Start of Provided records
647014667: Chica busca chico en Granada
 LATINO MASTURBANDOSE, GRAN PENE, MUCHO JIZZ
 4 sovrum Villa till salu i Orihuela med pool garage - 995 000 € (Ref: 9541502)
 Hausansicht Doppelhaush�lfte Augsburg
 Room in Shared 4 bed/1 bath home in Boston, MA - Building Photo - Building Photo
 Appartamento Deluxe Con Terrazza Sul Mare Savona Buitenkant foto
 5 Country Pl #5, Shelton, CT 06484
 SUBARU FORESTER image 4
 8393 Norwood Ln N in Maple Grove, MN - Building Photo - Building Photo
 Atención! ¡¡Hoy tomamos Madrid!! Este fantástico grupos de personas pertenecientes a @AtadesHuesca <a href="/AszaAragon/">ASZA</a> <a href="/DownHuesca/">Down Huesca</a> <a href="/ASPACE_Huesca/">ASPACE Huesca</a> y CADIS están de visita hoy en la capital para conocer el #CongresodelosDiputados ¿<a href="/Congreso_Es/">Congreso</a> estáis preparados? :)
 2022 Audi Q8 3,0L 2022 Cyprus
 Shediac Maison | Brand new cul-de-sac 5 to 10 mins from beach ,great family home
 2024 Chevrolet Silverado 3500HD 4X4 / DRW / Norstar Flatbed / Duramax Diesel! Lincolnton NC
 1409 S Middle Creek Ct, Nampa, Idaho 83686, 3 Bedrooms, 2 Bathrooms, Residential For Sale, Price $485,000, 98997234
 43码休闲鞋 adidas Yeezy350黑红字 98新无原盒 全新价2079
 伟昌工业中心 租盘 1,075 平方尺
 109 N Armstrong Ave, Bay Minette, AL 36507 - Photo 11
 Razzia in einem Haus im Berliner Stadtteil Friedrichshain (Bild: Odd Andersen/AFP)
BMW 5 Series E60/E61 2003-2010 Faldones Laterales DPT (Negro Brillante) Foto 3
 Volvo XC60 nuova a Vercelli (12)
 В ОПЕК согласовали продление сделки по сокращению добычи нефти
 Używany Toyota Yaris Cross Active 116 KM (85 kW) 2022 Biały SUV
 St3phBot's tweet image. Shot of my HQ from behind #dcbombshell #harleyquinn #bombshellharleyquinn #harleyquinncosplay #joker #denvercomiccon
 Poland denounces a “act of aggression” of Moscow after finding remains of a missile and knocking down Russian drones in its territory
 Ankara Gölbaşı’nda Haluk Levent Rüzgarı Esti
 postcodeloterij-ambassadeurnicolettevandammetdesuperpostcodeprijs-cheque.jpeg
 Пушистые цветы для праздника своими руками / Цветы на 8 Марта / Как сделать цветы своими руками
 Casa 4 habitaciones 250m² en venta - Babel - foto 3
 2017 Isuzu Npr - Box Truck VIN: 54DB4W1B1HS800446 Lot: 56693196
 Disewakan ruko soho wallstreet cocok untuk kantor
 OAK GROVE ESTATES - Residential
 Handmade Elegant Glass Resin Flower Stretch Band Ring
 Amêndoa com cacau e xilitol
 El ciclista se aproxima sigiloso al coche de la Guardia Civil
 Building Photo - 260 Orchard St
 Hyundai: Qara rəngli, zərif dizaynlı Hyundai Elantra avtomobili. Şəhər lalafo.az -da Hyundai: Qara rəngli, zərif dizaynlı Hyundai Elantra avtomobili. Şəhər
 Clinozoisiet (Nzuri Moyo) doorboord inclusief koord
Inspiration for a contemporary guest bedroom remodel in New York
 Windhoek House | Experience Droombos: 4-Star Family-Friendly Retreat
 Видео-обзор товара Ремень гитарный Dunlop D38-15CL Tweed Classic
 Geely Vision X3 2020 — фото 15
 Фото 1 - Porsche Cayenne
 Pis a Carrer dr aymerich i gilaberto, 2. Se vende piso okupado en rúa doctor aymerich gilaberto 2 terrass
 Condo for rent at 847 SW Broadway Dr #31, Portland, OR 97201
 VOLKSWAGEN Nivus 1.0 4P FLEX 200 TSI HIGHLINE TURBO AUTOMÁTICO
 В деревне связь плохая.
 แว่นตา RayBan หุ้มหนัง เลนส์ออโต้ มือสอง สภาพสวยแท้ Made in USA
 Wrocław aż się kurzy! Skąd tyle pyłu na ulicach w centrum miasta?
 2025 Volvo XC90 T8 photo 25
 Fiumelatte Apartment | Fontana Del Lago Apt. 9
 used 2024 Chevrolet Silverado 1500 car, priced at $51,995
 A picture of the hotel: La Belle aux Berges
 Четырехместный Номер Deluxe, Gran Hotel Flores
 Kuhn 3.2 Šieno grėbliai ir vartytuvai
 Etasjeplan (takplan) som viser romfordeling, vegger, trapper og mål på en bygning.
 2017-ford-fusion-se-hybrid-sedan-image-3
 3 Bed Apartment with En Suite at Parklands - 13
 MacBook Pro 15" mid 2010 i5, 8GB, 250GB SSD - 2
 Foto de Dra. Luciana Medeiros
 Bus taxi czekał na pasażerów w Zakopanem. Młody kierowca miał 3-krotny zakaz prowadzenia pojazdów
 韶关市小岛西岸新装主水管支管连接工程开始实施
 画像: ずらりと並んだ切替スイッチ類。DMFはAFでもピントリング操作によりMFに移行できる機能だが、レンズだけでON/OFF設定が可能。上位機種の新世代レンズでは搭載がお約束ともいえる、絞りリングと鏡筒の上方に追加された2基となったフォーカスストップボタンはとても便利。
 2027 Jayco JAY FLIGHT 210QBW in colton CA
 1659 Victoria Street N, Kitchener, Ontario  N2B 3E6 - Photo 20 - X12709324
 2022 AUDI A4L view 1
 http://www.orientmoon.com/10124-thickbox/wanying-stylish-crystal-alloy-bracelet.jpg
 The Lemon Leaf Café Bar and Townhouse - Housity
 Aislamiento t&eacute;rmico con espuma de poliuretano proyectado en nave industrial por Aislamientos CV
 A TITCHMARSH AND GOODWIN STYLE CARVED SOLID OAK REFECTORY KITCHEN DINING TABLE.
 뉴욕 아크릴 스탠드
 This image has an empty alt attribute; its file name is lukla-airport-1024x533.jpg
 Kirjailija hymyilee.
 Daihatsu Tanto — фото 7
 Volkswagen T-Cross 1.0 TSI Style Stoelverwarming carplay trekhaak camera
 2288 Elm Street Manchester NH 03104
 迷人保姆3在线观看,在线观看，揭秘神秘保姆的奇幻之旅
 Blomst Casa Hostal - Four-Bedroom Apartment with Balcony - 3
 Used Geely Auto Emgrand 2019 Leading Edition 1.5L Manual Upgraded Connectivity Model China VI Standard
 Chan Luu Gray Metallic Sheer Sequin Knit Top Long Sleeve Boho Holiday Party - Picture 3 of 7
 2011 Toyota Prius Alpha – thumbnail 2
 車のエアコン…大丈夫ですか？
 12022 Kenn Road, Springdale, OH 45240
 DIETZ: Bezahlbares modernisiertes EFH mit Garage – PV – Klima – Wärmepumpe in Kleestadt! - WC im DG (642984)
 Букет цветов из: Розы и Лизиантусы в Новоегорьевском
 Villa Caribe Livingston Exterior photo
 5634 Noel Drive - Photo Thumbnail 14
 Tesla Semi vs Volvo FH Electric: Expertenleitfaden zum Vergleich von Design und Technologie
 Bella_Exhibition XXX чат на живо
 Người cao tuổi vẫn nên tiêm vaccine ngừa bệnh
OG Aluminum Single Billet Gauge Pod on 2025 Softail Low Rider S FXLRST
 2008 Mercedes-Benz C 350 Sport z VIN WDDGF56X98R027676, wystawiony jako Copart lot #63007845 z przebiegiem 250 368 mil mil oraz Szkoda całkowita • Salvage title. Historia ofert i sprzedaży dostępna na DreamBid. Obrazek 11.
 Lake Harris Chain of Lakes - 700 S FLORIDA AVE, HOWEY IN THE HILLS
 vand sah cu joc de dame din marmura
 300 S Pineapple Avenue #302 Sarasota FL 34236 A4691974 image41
End of Provided records
## Assignment:
Where the listing above has a line with "Used Geely Auto", start there, and output every line exactly through the line with "車のエアコン…大丈夫ですか？", which is also included.

## Solution for this exercise:
 Used Geely Auto Emgrand 2019 Leading Edition 1.5L Manual Upgraded Connectivity Model China VI Standard
 Chan Luu Gray Metallic Sheer Sequin Knit Top Long Sleeve Boho Holiday Party - Picture 3 of 7
 2011 Toyota Prius Alpha – thumbnail 2
 車のエアコン…大丈夫ですか？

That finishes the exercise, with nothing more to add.